Work to be completed =
For this exercise, return exactly the lines of the material below that begin at the one with "Carrying Case for" and stop after the one with "Elevon 90L Laundry".

Entries shown =
=== Section Start ===

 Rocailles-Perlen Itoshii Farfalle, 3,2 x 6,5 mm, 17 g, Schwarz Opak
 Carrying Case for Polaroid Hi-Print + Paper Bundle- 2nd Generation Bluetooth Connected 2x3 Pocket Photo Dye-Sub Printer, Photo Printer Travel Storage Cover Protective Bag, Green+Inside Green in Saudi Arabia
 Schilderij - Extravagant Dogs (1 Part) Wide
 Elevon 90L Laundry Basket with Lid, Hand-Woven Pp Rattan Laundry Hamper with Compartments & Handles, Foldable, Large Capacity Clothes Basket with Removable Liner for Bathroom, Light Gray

=== Section End ===
=== Section Start ===

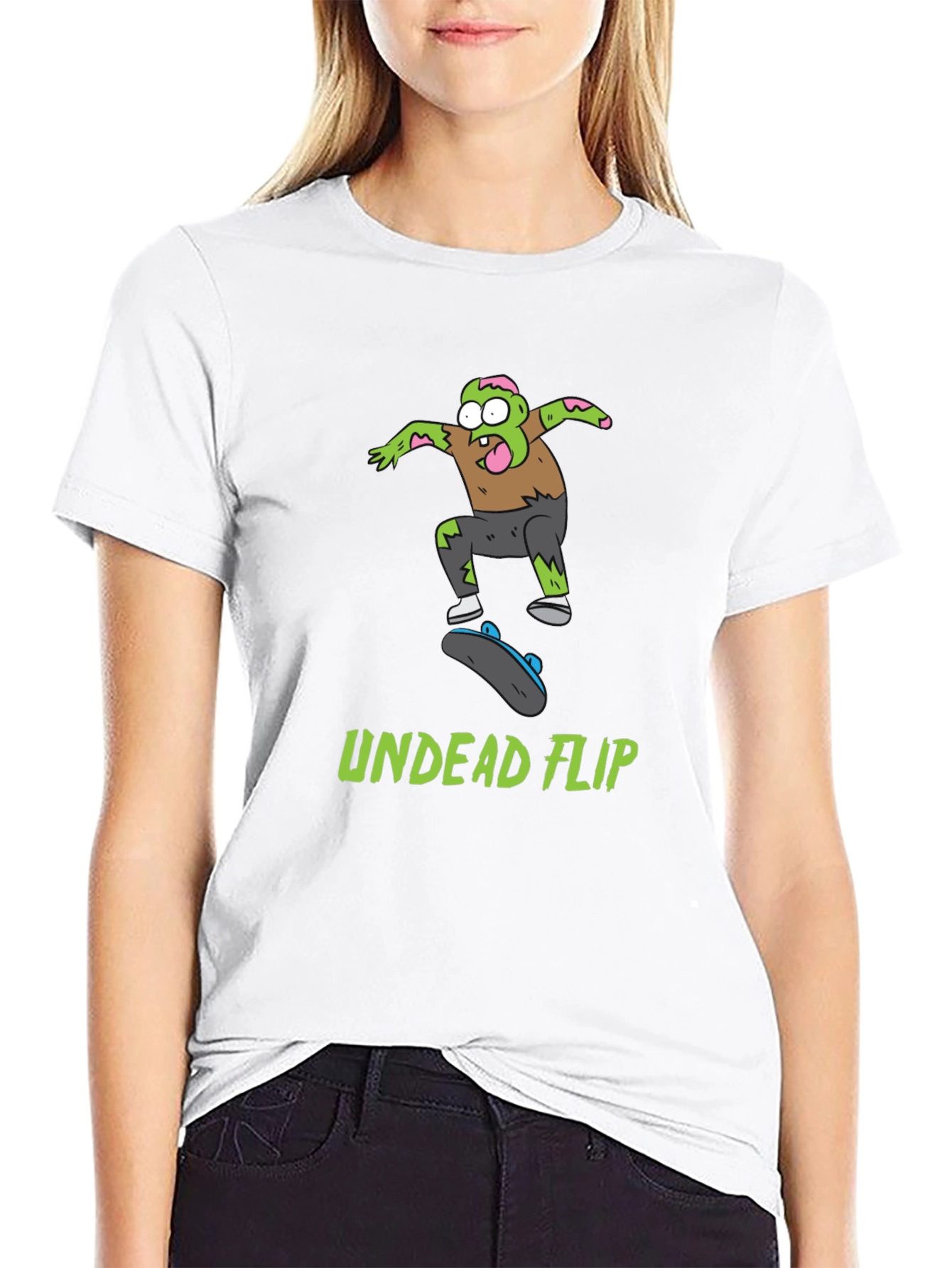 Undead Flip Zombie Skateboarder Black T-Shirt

=== Section End ===
=== Section Start ===

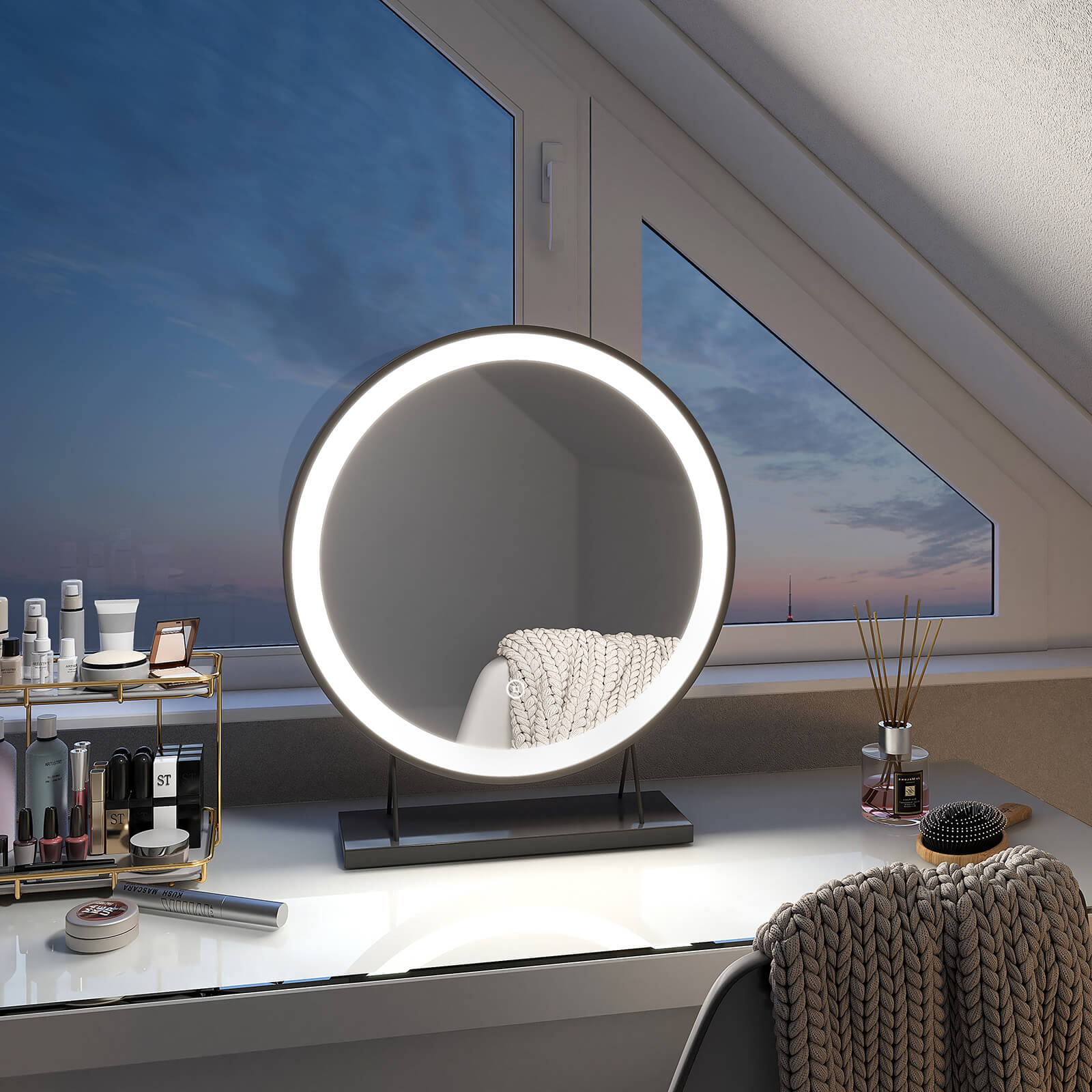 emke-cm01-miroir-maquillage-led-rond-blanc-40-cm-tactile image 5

=== Section End ===

Response =
 Carrying Case for Polaroid Hi-Print + Paper Bundle- 2nd Generation Bluetooth Connected 2x3 Pocket Photo Dye-Sub Printer, Photo Printer Travel Storage Cover Protective Bag, Green+Inside Green in Saudi Arabia
 Schilderij - Extravagant Dogs (1 Part) Wide
 Elevon 90L Laundry Basket with Lid, Hand-Woven Pp Rattan Laundry Hamper with Compartments & Handles, Foldable, Large Capacity Clothes Basket with Removable Liner for Bathroom, Light Gray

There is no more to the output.